Work item:
Reproduce, without alteration, every line of the data; exclude the images.

Dataset excerpts:
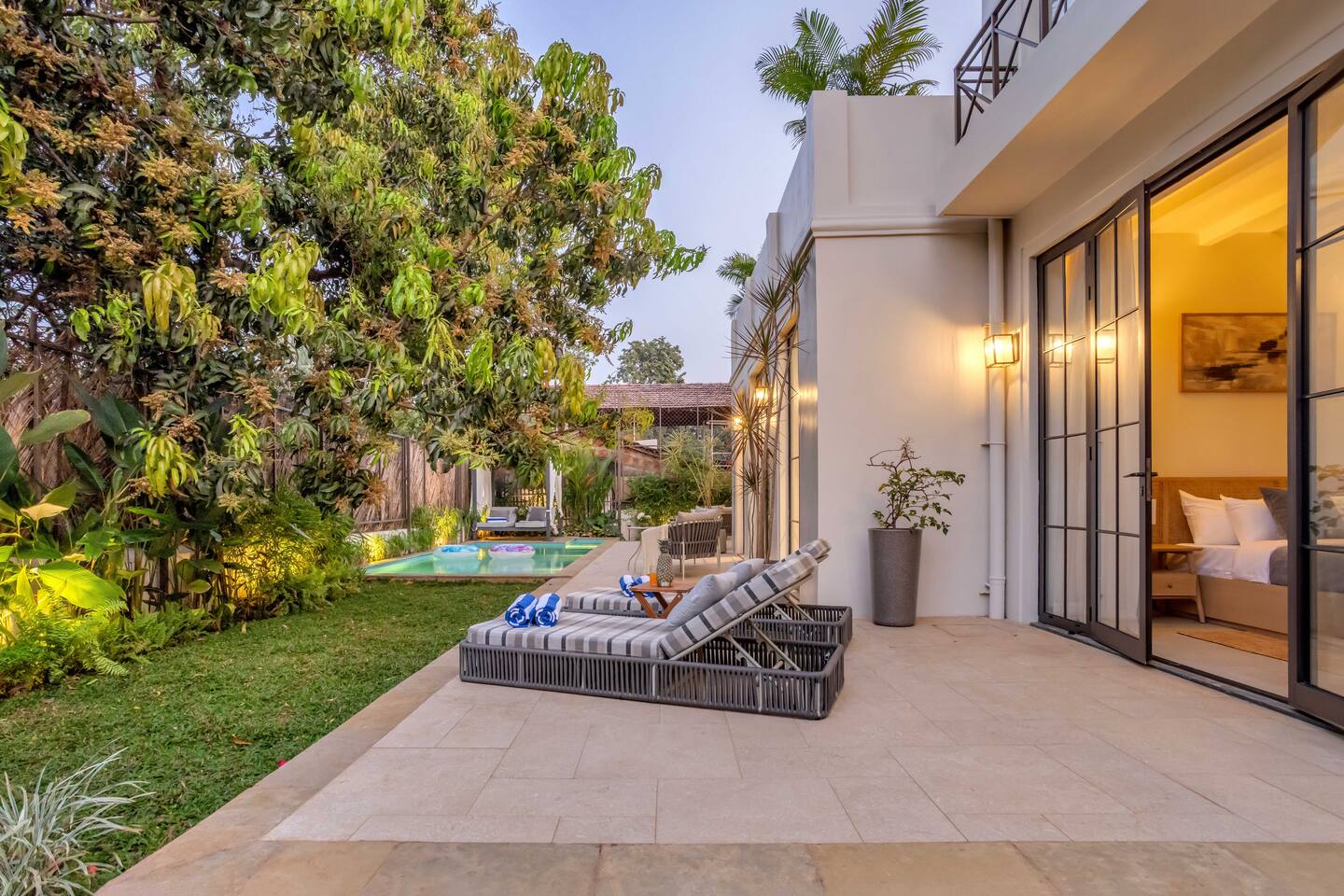 87e8a4f8-1cf9-44bf-9b39-a50fb0e7dfa5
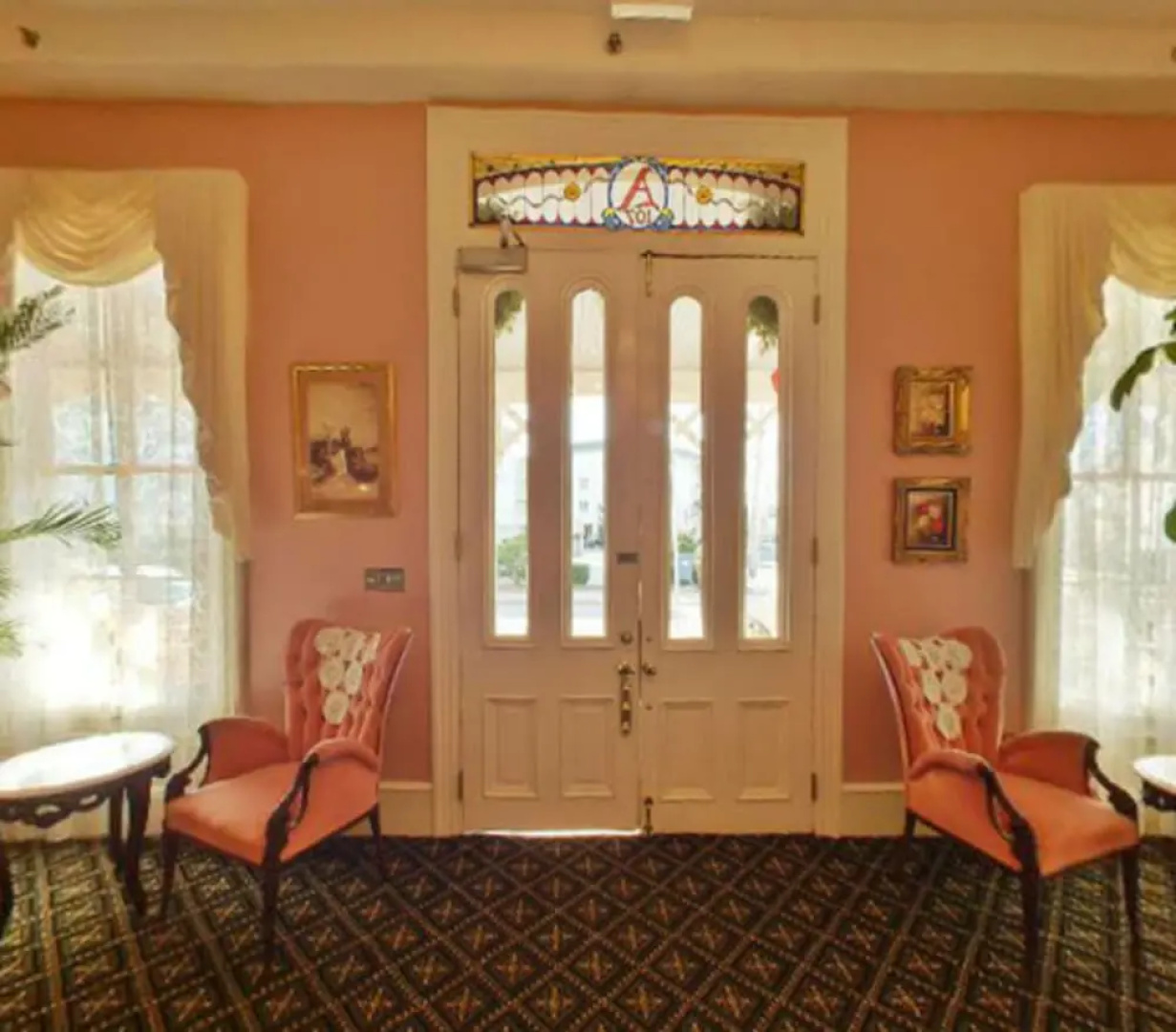 Hotel Alcott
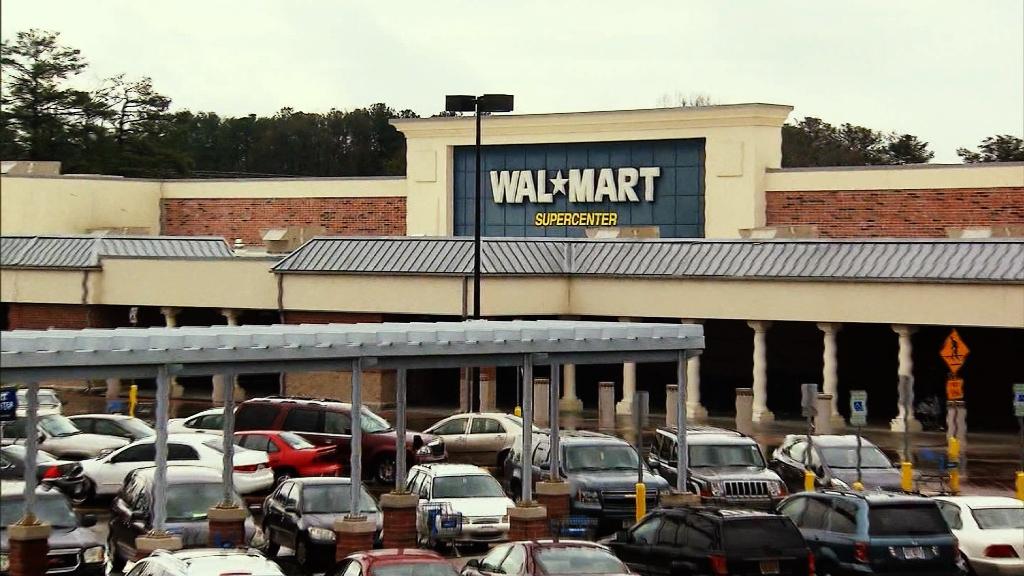 Walmart raises age restriction for gun purchases to 21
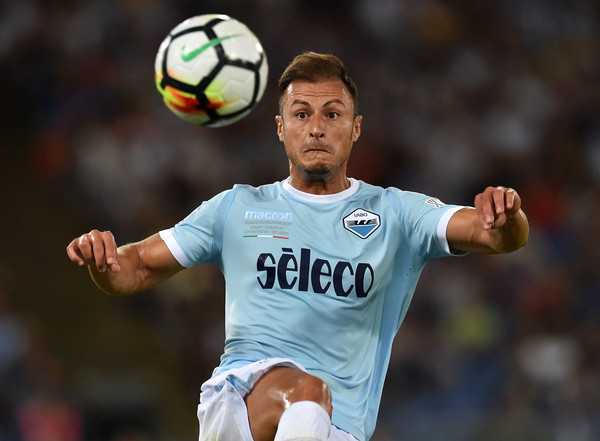 Il retroscena: Radu, è pressing Fenerbahce. Ora la Lazio ha solo una strada article-post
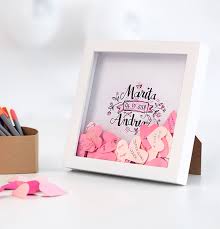 Der bilderrahmen gästebuch zur hochzeit ist ein wahrlich ausgefallenes hochzeitsgeschenk und es wird wohl kaum ein brautpaar geben, welches sich nicht über 72 einzelne, auf kleine holzherzen. Gastebuch Zur Hochzeit Herzige Gluckwunsche Im Bilderrahmen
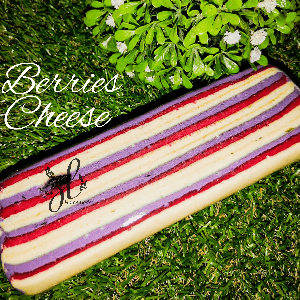 Kek Lapis Berries Cheese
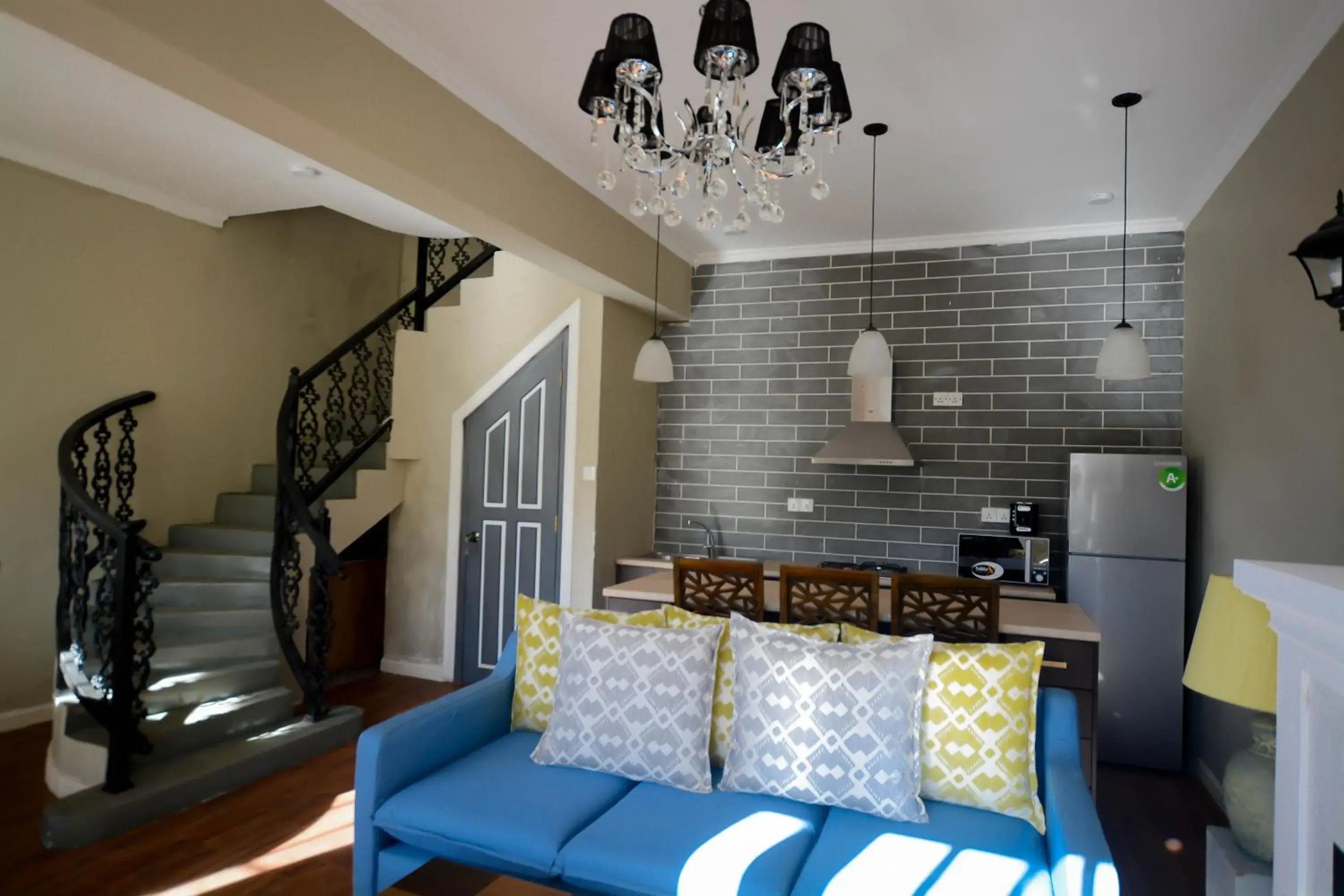 Living room in Luxe Wilderness - Private Villas, Free Breakfast, 2km from City Centre Living room in Luxe Wilderness - Private Villas, Free Breakfast, 2km from City Centre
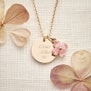 Collier personnalisé médaille 15 mm Plaqué Or et son pendentif trèfle rose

Written answer:
 87e8a4f8-1cf9-44bf-9b39-a50fb0e7dfa5
 Hotel Alcott
 Walmart raises age restriction for gun purchases to 21
 Il retroscena: Radu, è pressing Fenerbahce. Ora la Lazio ha solo una strada article-post
 Der bilderrahmen gästebuch zur hochzeit ist ein wahrlich ausgefallenes hochzeitsgeschenk und es wird wohl kaum ein brautpaar geben, welches sich nicht über 72 einzelne, auf kleine holzherzen. Gastebuch Zur Hochzeit Herzige Gluckwunsche Im Bilderrahmen
 Kek Lapis Berries Cheese
 Living room in Luxe Wilderness - Private Villas, Free Breakfast, 2km from City Centre Living room in Luxe Wilderness - Private Villas, Free Breakfast, 2km from City Centre
 Collier personnalisé médaille 15 mm Plaqué Or et son pendentif trèfle rose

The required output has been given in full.